> WHAT TO PRODUCE:
Tally the lines below that hold the string "Social", and report the tally by itself.

== == ==

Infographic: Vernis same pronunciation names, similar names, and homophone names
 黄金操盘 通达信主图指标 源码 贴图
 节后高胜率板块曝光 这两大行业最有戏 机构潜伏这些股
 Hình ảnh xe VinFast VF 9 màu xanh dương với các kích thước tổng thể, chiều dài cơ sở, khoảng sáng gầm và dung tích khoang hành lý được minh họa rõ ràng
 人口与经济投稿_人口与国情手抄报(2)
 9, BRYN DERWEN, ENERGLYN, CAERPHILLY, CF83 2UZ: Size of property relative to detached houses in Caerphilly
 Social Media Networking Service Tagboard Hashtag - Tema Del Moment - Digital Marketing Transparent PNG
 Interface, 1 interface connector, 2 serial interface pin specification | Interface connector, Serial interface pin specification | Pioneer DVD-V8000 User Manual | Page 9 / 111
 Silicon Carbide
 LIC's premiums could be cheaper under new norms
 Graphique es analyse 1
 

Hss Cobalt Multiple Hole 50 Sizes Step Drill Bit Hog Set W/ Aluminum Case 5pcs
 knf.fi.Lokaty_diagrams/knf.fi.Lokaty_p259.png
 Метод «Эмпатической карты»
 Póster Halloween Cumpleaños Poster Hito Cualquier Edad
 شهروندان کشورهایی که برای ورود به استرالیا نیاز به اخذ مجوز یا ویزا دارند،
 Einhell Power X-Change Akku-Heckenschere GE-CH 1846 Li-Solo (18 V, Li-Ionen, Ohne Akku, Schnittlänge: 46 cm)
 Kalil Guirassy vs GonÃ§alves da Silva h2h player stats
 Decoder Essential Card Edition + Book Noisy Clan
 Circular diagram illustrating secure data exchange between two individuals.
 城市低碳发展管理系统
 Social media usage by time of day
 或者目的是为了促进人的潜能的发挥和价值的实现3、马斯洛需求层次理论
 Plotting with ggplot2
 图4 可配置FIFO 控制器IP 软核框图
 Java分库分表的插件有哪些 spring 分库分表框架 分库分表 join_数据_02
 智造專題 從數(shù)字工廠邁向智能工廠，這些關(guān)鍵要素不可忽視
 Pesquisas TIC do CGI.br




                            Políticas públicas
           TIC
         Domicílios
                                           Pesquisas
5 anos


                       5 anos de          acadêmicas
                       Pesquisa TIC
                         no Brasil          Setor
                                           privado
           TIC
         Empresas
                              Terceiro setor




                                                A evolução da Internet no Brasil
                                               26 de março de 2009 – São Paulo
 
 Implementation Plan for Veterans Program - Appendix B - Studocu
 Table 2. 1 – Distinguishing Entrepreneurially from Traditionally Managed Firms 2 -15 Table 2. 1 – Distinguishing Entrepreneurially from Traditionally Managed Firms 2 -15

== == ==

> EXPECTED ANSWER:
2